Tueurs Jean-Michel Espitallier

Plongée dans l’horreur, la brutalité autorisée, ordinaire. Récit sans fard qui oscille entre témoignage et mise en mots des images de meurtres, tortures, exécution qui, dans une insoutenable culpabilité hante nos imaginaires, livrent l’homme à sa barbarie sans limite. Jean-Michel Espitalier alterne des images, des scènes sans autre suite que leur cruauté, et des témoignages de tortionnaires pour faire entendre, dans Tueurs, le pire d’une humanité aux instants où violence et destruction deviennent son unique réalité, son impitoyable justification.

Il ne faut pas le cacher, Tueurs est un livre difficile à lire. On se laisse submerger par son froid exposé des violences, contemporaines ou plus lointaines, de cette guerre perpétuelle menée en marge de nos consciences. Il arrive aussi que l’on se demande pourquoi on continue à lire une telle description du déchaînement d’une violence aveugle, autorisée et dont la répétition finirait par former une intenable banalité. Comme tous les livres véritablement dérangeant, Tueurs suscite l’inquiétude d’une indistincte fascination. On sait, tous, cette violence, on la tait. Jean-Michel Espitalier la met en pleine lumière. Il faut alors souligner le travail sur la langue réalisé, par effacement, tension vers le compte-rendu brut, opéré par l’auteur. Une alternance glaçante d’image et de témoignage. Des images venues d’internet, des vidéos sauvages, des captations d’un réel dont la très grande barbarie serait de non pas gardé trace, mais le faire pour en tirer je ne sais quelle obscène fierté. Des scènes retranscrites au présent, à froid, juste dans l’aveuglement de l’instant, pour l’effarante similitude des situations. Comme une coupure, Jean-Michel Espitallier entrecoupe ces récits de témoignages des différentes tortionnaires (nazi, khmer, américains au Vietnam ou en Irak, des rwandais, des soldats syriens). Ad lnauseaum. Mais c’est précisément par cet entassement, que Tueurs parvient à ne pas se placer dans un point de vue univoque : il ne saurait s’agir d’affirmer que la violence est la même, partout, tout le temps.

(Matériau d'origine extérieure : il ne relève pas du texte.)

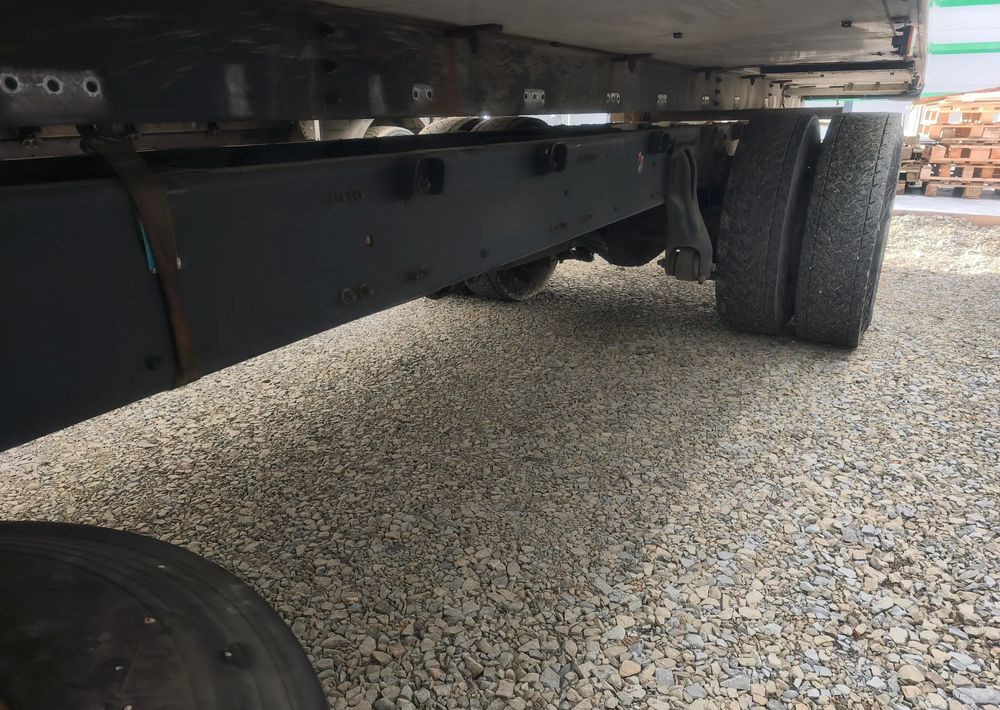 Renault Gama D 18.280 rama do zabudowy poduszka - Truk sasis: gambar 5 Renault Gama D 18.280 rama do zabudowy poduszka - Truk sasis: gambar 5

Il existe pourtant des invariances. Celles où la violence se croit autoriser, devient ordinaire, excusable. L’auteur souligne la traditionnelle justification : ne faire qu’obéir aux ordres. On ne saurait, bien sûr, s’en contenter. Toute la gêne ressentie à la lecture de ce livre vient de ceci : on s’habitue aussi à la violence. La mécanique du mal, la répétition du meurtre, sa prétendue irréalité pour de vagues causes idéologiques, la prégnance aussi d’un imaginaire qui le valorise. Sans doute conviendrait-il de s’en sortir ; sans doute ne saurait-on le faire dans le déni, en faisant comme si tout ceci ne nous concernait pas, que par éducation, pire par culture, on y échapperait. Comme le disait Jean Cayrol, cité dans le livre : « Il y nous […] qui feignons de croire que tout cela est d’un seul temps, d’un seul pays, et pensons pas à regarder autour de nous, et qui n’entendons pas qu’on crie sans fin. » Tout ceci continue. Peut-être, qui sait, n’est-ce pas une fatalité, sans doute que la seule véritable horreur serait de légitimer le meurtre, la perte du statut d’humain à ses ennemis, la vie devenue objet. Peut-être faut-il continuer à dire, partout et toujours, la violence, le faire sans optimisme béat ni résignation.


Merci aux éditions Inculte pour l’envoi de ce récit.